Previous studies have shown that obesity rates among immigrants increase as their duration of residence in the U.S. increases. They suggest this might be attributable in part to changes in lifestyle, including an unhealthy diet.
Will Converting Stores Lower Obesity?
Ortega is committed to turning the Latino diet around. As director of the UCLA-USC Center for Population Health and Health Disparities, Ortega is heading a project to convert corner stores in low-income neighborhoods.
About a month ago, Ortega, along with community activists, local high school students and store owner Maria Avila, transformed the Euclid Market in the Boyle Heights section of East Los Angeles. They added windows and a new paint job, and rearranged and organized shelving. But most importantly, Ortega says, they added healthful foods.
The newly converted store opened to the public in December. Today, when you walk in the door, the first things you see aren’t cigarettes and junk food — they’re fresh fruits and vegetables.
This is the fourth corner store in the area to be converted. Ortega is still collecting data, but anecdotally, he says, store owners tell him they have more customers, they’re selling more fruits and vegetables, and they’re making more money.
But the big question is whether the availability of fresh fruits and vegetables will make a difference in the health of the neighborhood and the epidemic of diabetes.
Better Options, Better Diet
For college freshman DeeDee Barba, it has made a difference.

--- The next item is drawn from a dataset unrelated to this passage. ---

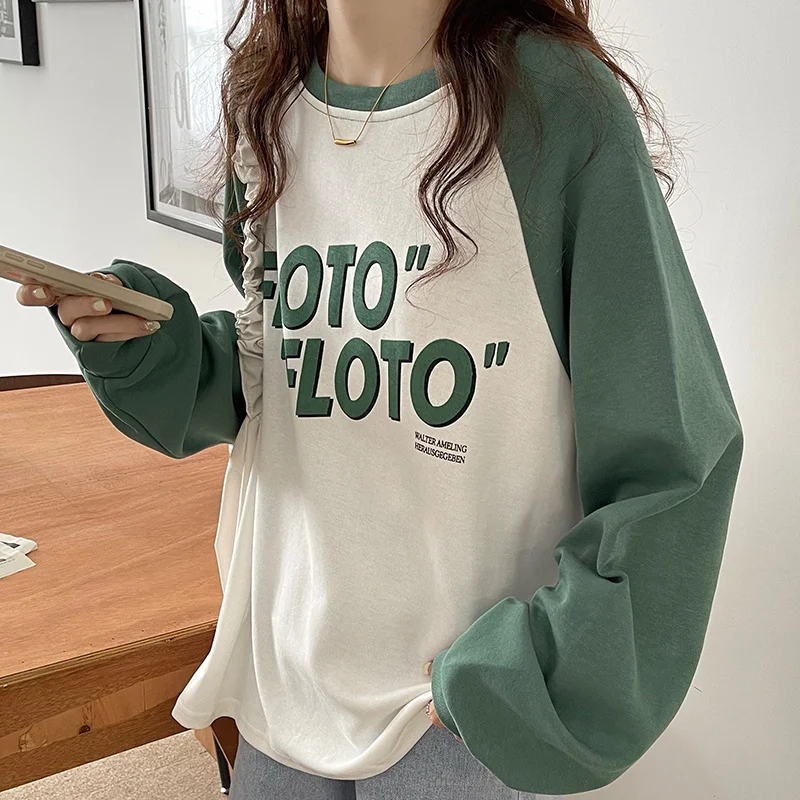 

# Real Shot 6535 Scale Stitching Long Sleeve T-shirt Female Design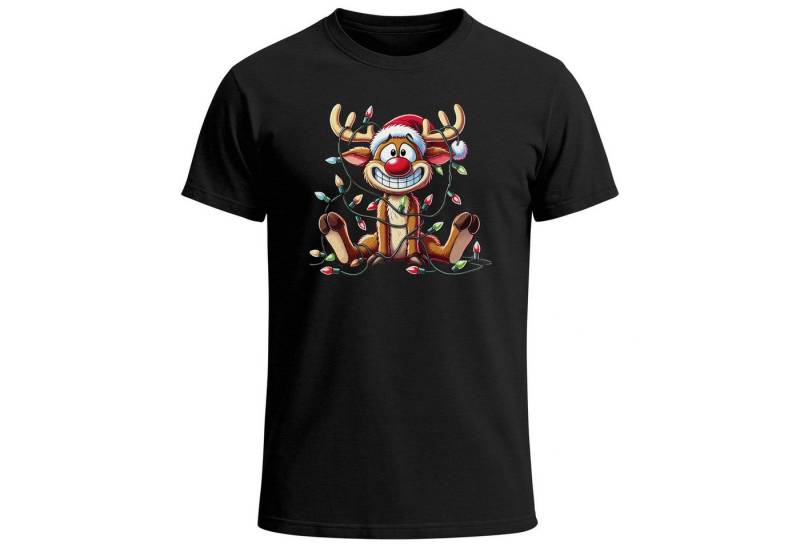 MoonWorks Print-Shirt Herren T-Shirt Weihnachten Reniter Elch Comicstil XMAS Outfit Männer mit Print von MoonWorks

She has taken part in the store conversion project for two years. Not only has she learned about marketing and sales, but she’s also learned about nutrition. As a result, she says, her family now eats more healthfully. Part of that includes no dressing on salads.
“We now eat our salads with olive oil and lemon, and it’s actually good,” she says. “We eat a lot of fish and chicken; we rarely eat red meat. We eat rice, but we have whole-wheat rice. We don’t drink soda anymore — we drink mostly water.”
High school senior Steven Cardona, 17, has worked with the store conversion project for the past year. Learning about nutrition, he says, has changed his family’s diet dramatically.
“Before, we would eat lots of fast food, but now we eat mostly steamed vegetables, rice, chicken and lean meats,” he says. Family members have lost a lot of weight, and everybody reports feeling “better,” he says.
Ortega says that’s exactly what’s hoped for: that the availability of healthy food in low-income neighborhoods like this will make a difference in what residents buy, cook and eat. And that it will mean changing diets and reducing the high rates of obesity and diabetes in the Latino community in East L.A.